What Does Cyrilean Mean
what does cyrilean mean
sacra doctrina
What Is a Post-Christian?I had promised to say more about The Strange New Word of the Gospel, edited by Braaten and Jenson (Eerdmans, 2002). The second essay, by Robert Jenson, explores the nature of post-Christian belief and culture in the contemporary west, with a particular focus on America.
Jenson begins by commenting upon the prefix "post-" noting that it implies being defined in terms of what one no longer is as part of a community that is so defined. Thus, to be "post-Christian" is to be part of a community that was once Christian and whose present "habits of thought and policies of action are determined by that very fact." Jenson cites Chesterton's Father Brown who characterized the post-Christian society as one what has exhausted the project of modernity and is lost in the proliferation of superstition. In particular, Father Brown notes, "It's the first effect of not beliveing in God that you lose your common sense and can't see things as they are...and all because you are frightened of four words, 'He was made man'."
Proceeding from Father Brown's observation, Jenson notes that it is not possible to "disbelieve generically" and post-Christian unbelief is a superstition arising particularly from the rejection of the triune, incarnate God of Christian faith. He goes on to modify Father Brown's account by suggesting that the supersitions of post-Christian unbelief really go back to the Enlightenment itself, an age of quackery, ideological credulity, religious invention, and arbitrary preference. The "cultural residue" of Christianity has granted whatever moral compass modernity has enjoyed and as that residue is finally expurgated we are delivered over once against to unchallenged supersition.
Jenson also modifies Father Brown's account of the return of the old gods, noting that the Scriptures have demythologized nature, giving us a narrative of creation, fall, and eschatology that undoes the logic of myth, its original logos. The old gods cannot return as they once were since the Gospel has already "debunked" them. Thus they can only re-emerge with a different logos in one of two possibility varieties: either an "almost-nihilism" or an abstracted Christianity turned ideology.
Nihilism emerges with its own religiosity, Jenson suggests--one that is entirely made up and known to be such by its devotees. This is apparent not only in actual invented religions (scientology comes to mind), but also within the bounds of a Christianity where the faith is explicitly treated "as a smorgasbord from which to assemble each their religion to taste."
Abstracted Christianity, on the other hand, supposes that "all religions lead to the same place" and that this place is something vaguely Christian, though absent of Christ, and labelled "salvation." This kind of abstracted Christianity, indeed, has been the whole project of a modernity that coopted the Christian story, making it into a grand meta-narrative, holdomg forth the universal possibility of finding one's place in it through human rationality. Of course, absent a universal Storyteller, such a narrative project flounders, collapsing in upon itself in a fit of post-modernism.
So, in all of this, Jenson queries, who are the post-Christians?
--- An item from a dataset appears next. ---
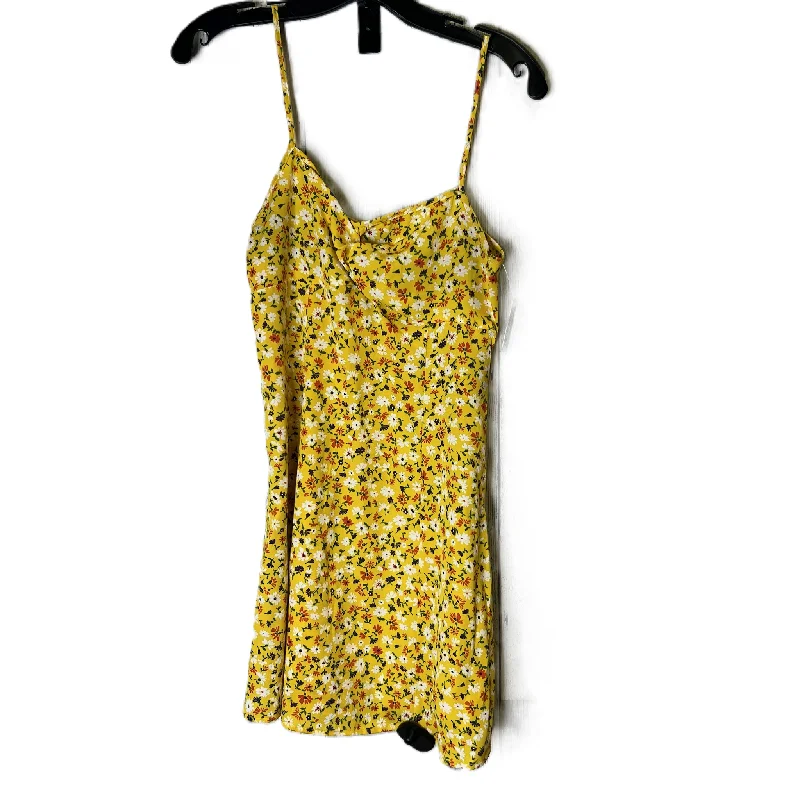 Yellow Dress Casual Short By Shein, Size: S Summer Mini Skirt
He suggests that there are "whole immense congregations" of these post-Christians, many within putatively Christian denominations, touting a theology of "love" and "acceptance" and "empowerment", which could as easily embrace any mythic hero as it might Jesus. And this post-Christianity can wear many faces--that of Dr. Laura or drive-in church services or what have you.
Jenson suggests several ways in which churches can respond, re-evangelizing our own post-Christian environment. First, churches must pray for God to purge them of almost-nihilism and abstracted Christianity. And that may well mean, for the time being, being much smaller than we once were. We now exist on a mission field here at home and cannot count on the cultural residuum of Christian faith to do much work for us.
Second, says Jenson, we must recognize the prevailing superstitions for what they are and rescue our fellows from them in order that they may worship the true God. The errors of the skeptics, cafeteria Christians, practioners of magic, and others who may inhabit our pews are not mere foibles; they are "bondages to powers and principalities."
Third, the alternative to superstition is, as Father Brown said, the confession that "He was made man." And thus the church must re-capture Christology since in Jesus, God is found. Thus, Jenson asserts, the only liberation from contemporary superstition is "preaching and liturgy and counseling inspired and normed by the strictest Cyrillean christological orthodoxy."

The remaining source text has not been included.